Chinese transcription(s)
- • Simplified: 梅林桥镇
- • Traditional: 梅林橋鎮
- • Pinyin: Meílínqiáo Zhèn
- Meilinqiao Town Location in China
- Coordinates: 27°46′42″N 112°56′21″E﻿ / ﻿27.77833°N 112.93917°E
- Country: People's Republic of China
- Province: Hunan
- City: Xiangtan
- County: Xiangtan County

Area
- • Total: 138.403 km^{2} (53.438 sq mi)

Population
- • Total: 49,300
- • Density: 356/km^{2} (923/sq mi)
- Time zone: UTC+8 (China Standard)
- Postal code: 411200
- Area code: 0732

= Meilinqiao, Xiangtan =

Meilinqiao Town (梅林桥镇 (梅林橋鎮, Meílínqiáo Zhèn)) is an urban town in Xiangtan County, Xiangtan City, Hunan Province, People's Republic of China. As of the 2000 census it had a population of 49385 and an area of 138.403 km2.

==History==
In 1950, Meilin Township was built. In 1995, Meilin Town was built.

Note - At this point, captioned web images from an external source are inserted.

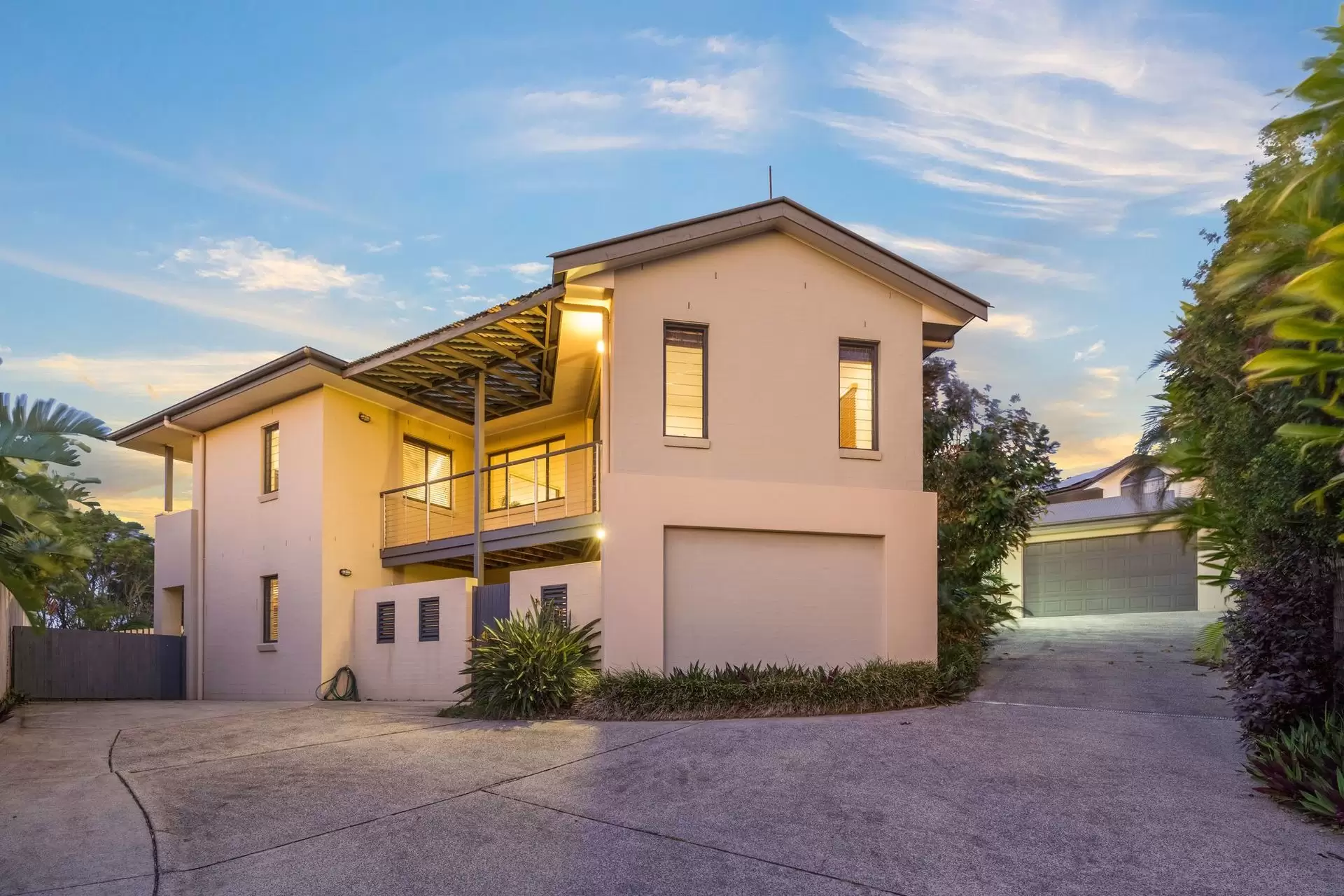 4 Monivae Place, Skennars Head Sold by Byron Bay Sotheby's International Realty - image 1
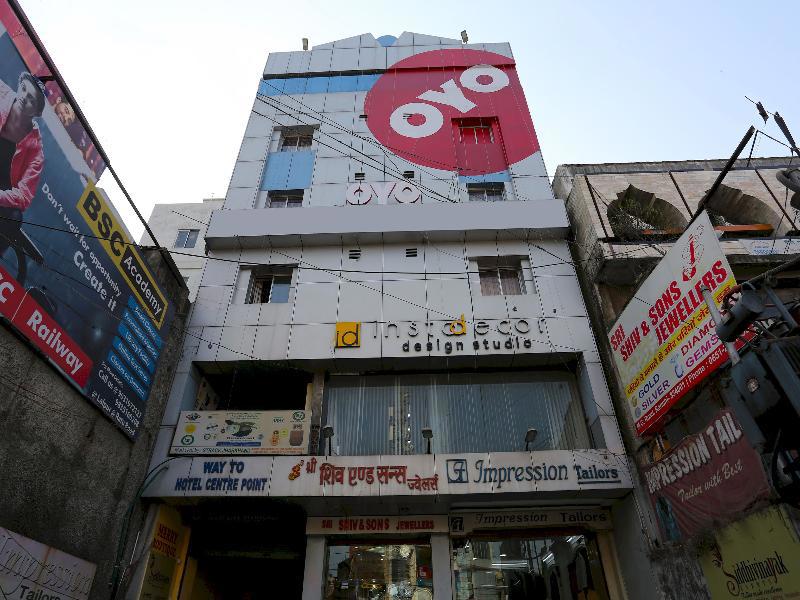 Oyo 10685 Hotel Centre Point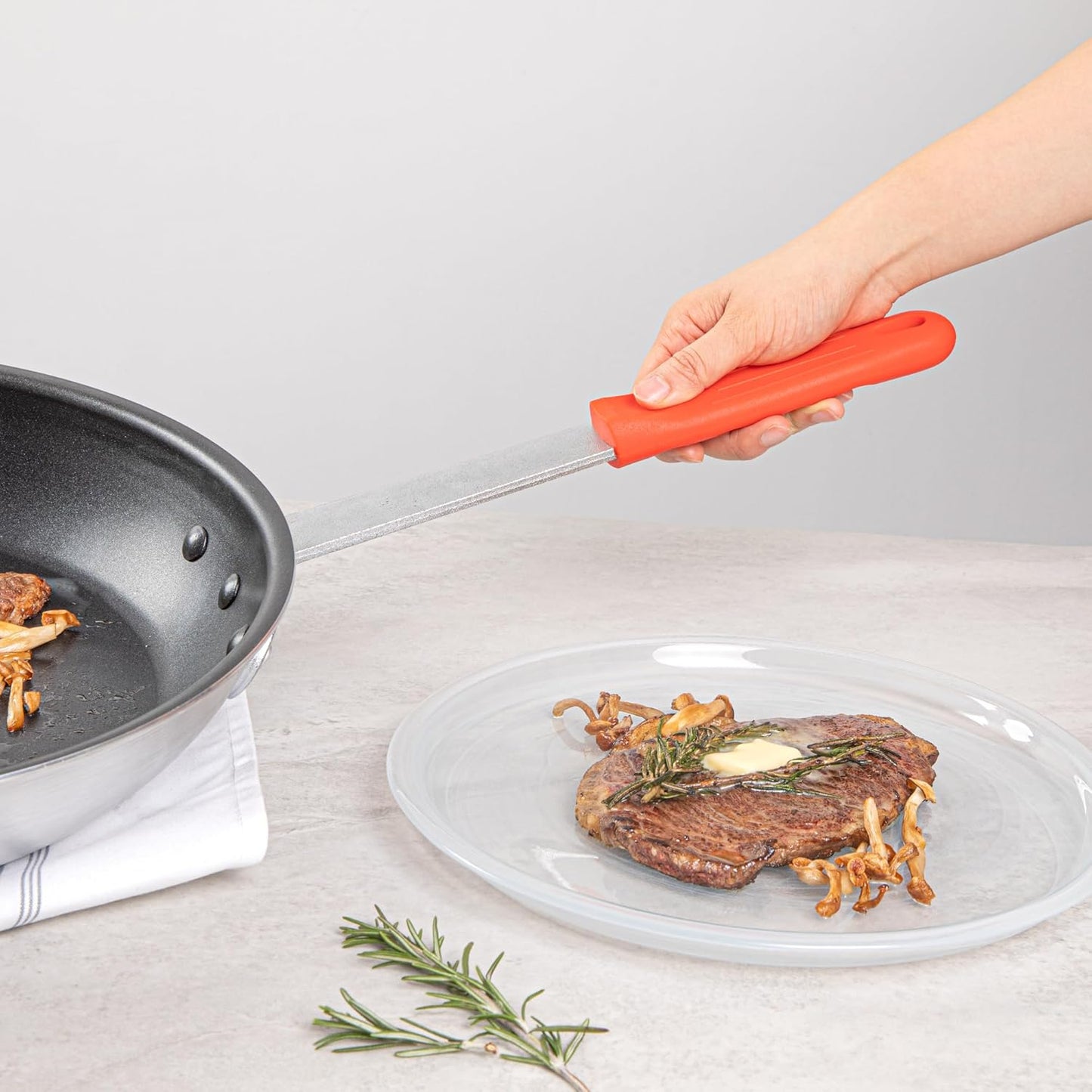 Restaurantware-Met Lux Pan Handle Sleeve, 1 Removable Pan Handle Cover - Fits 14-inch Pans, Aluminum Pans Sold Separately, Red Silicone Holder Sleeve, Dishwashable, No-Slip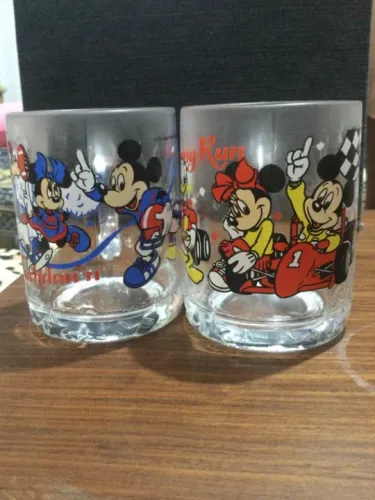 2 xícaras comemorativas da turma Mickey anos 90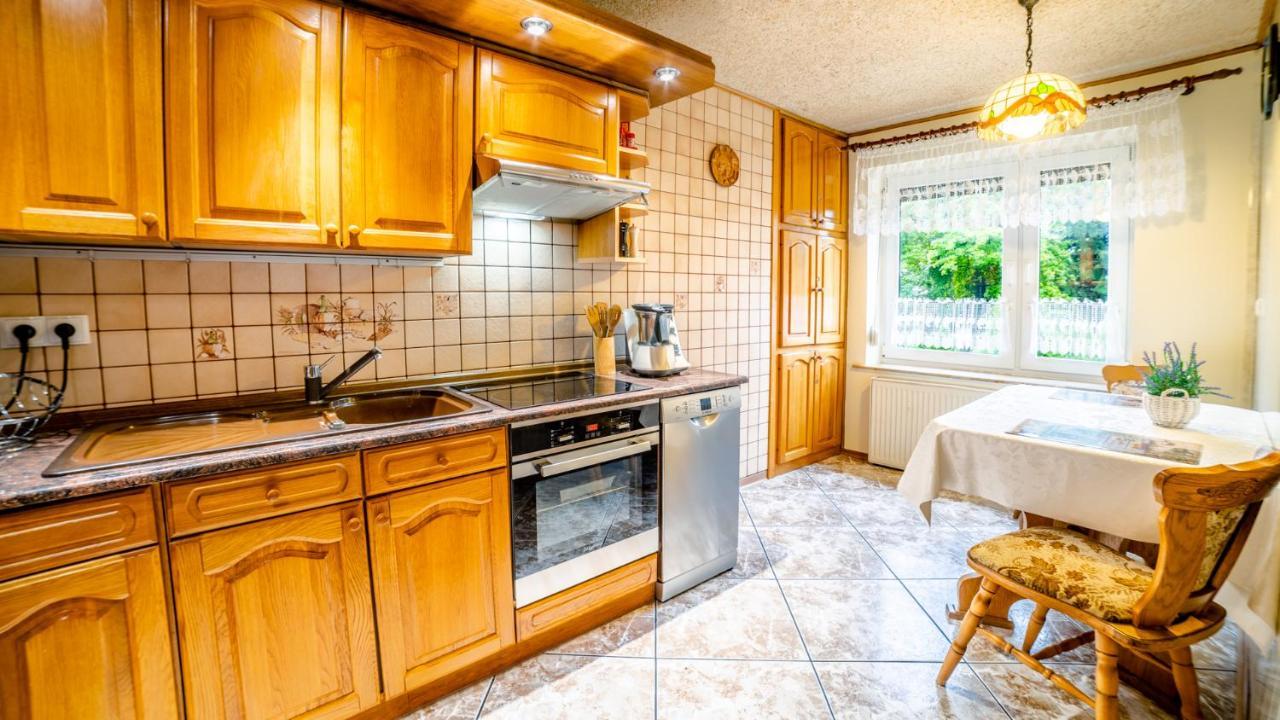 Vila Dom Do Wynajecia Lena Kowary Exteriér fotografie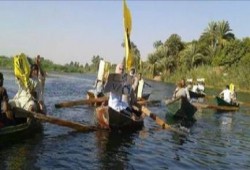 مسيرة بـ"القوارب النيلية" رفضًا الانقلاب في ‫"‏قنا‬"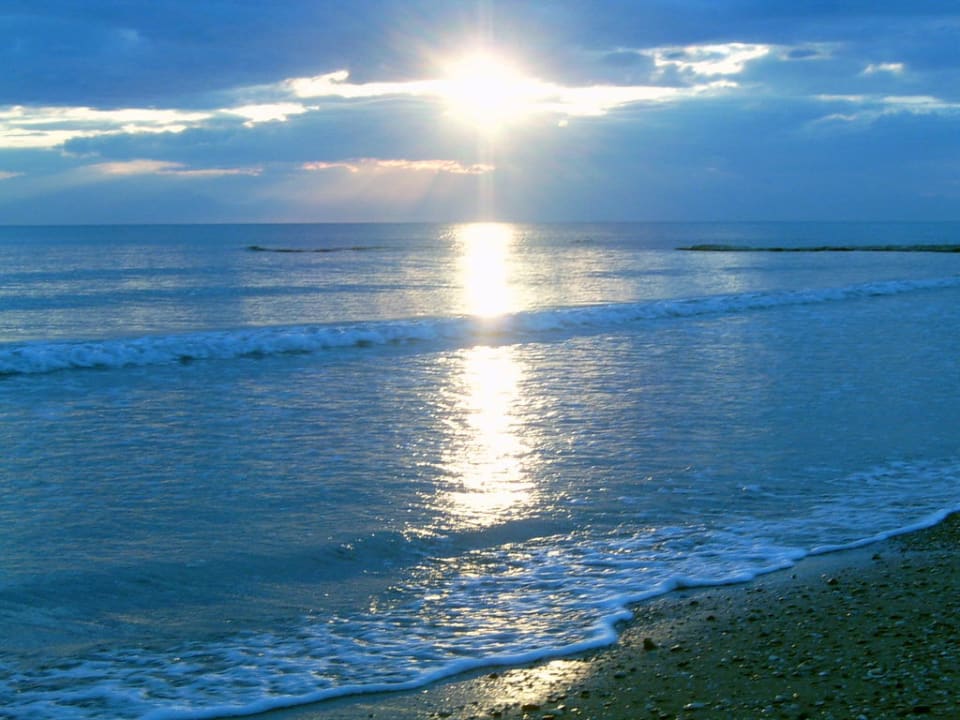 Sonnenuntergang Melas Resort Hotel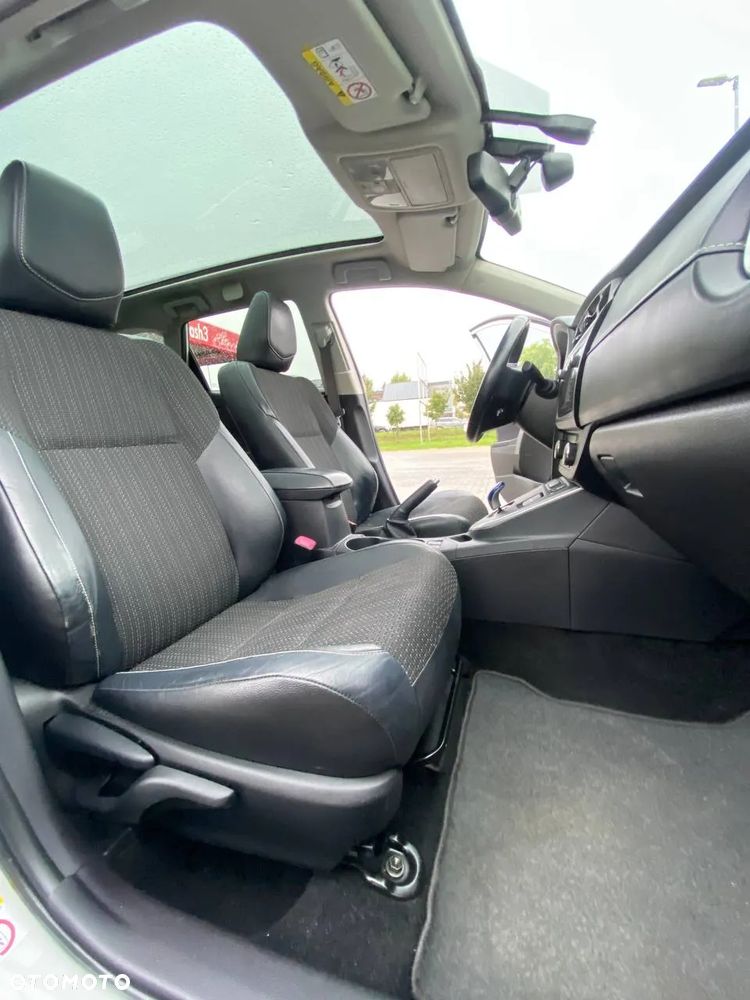 Toyota Auris - 16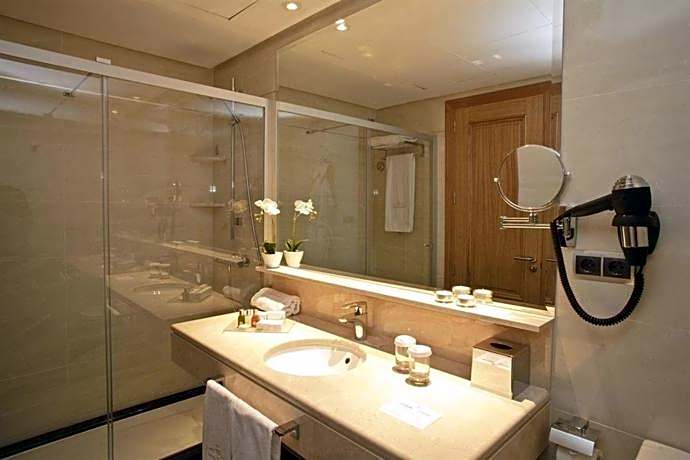 ArtPlatinum SUITES&APARTMENTS
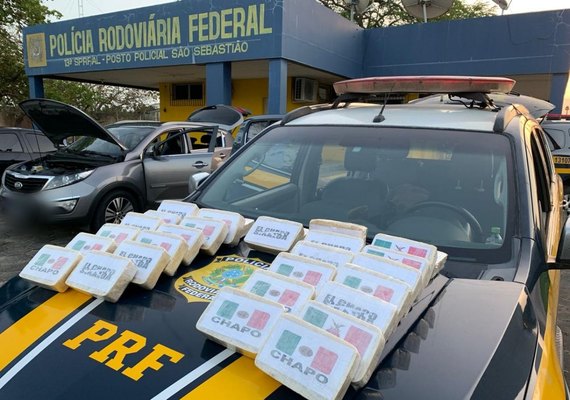 PRF apreende 30 kg de pasta base de cocaína em São Sebastião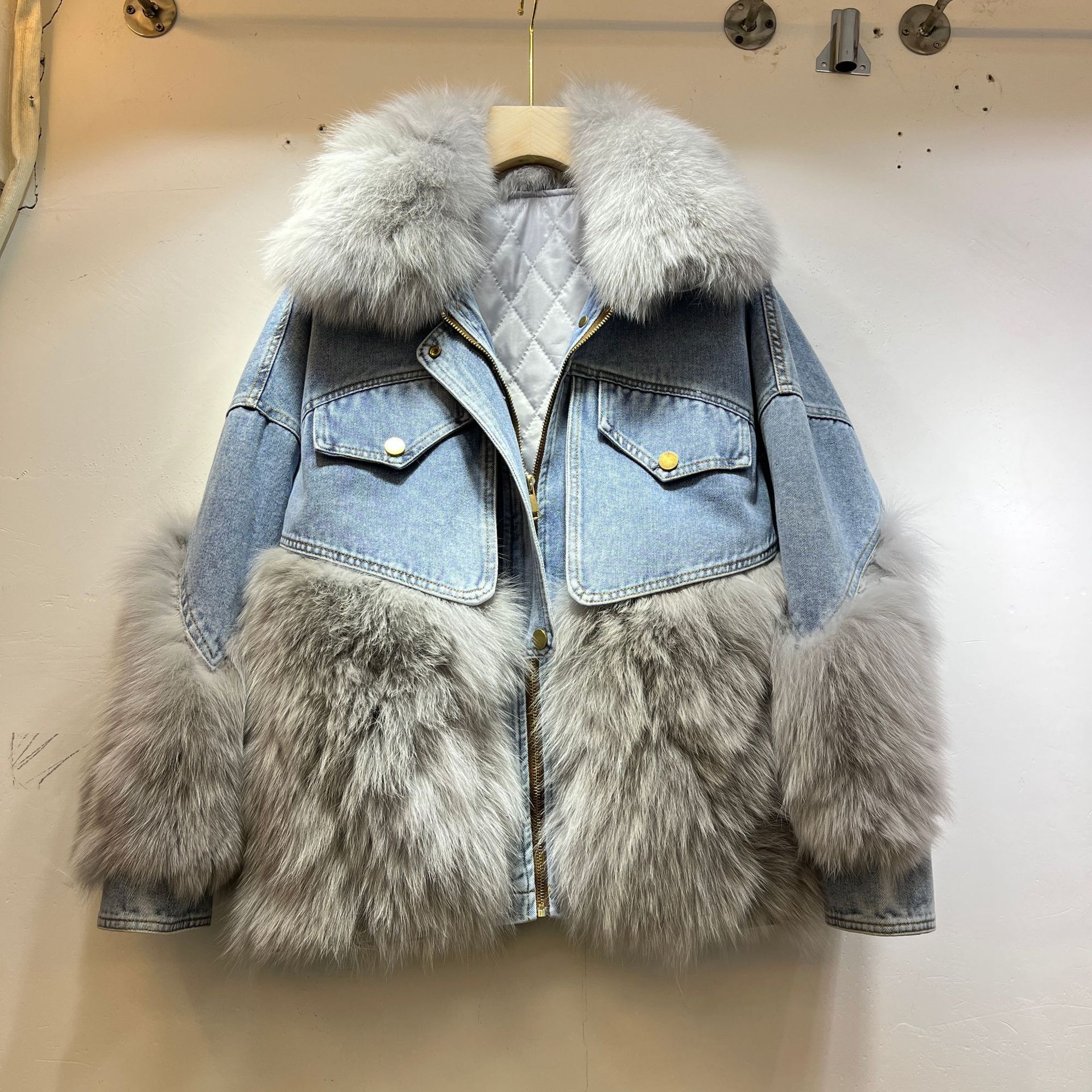 摩登女装2022新款狐狸毛牛仔拼接皮草外套年轻派克羽绒服女宽松中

==Administrative divisions==
The town is divided into 38 villages, which include the following areas: Hejia Village (荷佳村), Wanli Village (万利村), Lianyun Village (联云村), Anyun Village (安云村), Qianjiang Village (千江村), Zhushan Village (竹山村), Jinpenzhou Village (金盆洲村), Shibi Village (石碧村), Meishi Village (梅市村), Shimei Village (石梅村), Huangzhu Village (黄竹村), Jingguang Village (京广村), Meilin Village (梅林村), Gutangpu Village (谷塘铺村), Hongtang Village (洪塘村), Gaoqiao Village (高桥村), Gufeng Village (谷丰村), Dafen Village (大坟村), Yuexing Village (月形村), Baota Village (宝塔村), Shiyang Village (石羊村), Jiangang Village (尖岗村), Baiyun Village (白云村), Feilong Village (飞龙村), Huaxiang Village (划香村), Xinhu Village (新虎村), Xinhu Village (新湖村), Xinti Village (新堤村), Xinchang Village (新长村), Huanglongqiao Village (黄龙桥村), Renhe Village (仁和村), Helong Village (合龙村), Chengtang Village (城塘村), Wangjiachong Village (王家冲村), Yangliu Village (杨柳村), Futang Village (凫塘村), Zhegu Village (鹧鸪村), and Guojiaqiao Village (郭家桥村).

==Geography==
Yisu River (易俗河) is known as "Juan River" (涓水), a tributary of the Xiang River, it flows through the town, Meilin River (梅林河) and Xiangdong River (向东渠) also flow through the town.

==Economy==
The region abounds with gypsum.

Tea, pig, American bullfrog, common fig and cactus are important to the economy.

==Culture==
Huaguxi is the most influence local theater.

==Transportation==
The major highways are the 107 National Road (107国道) and the Xianglei Highway (湘耒高速公路).

The main railway is the Xiangqin Railway (湘黔铁路).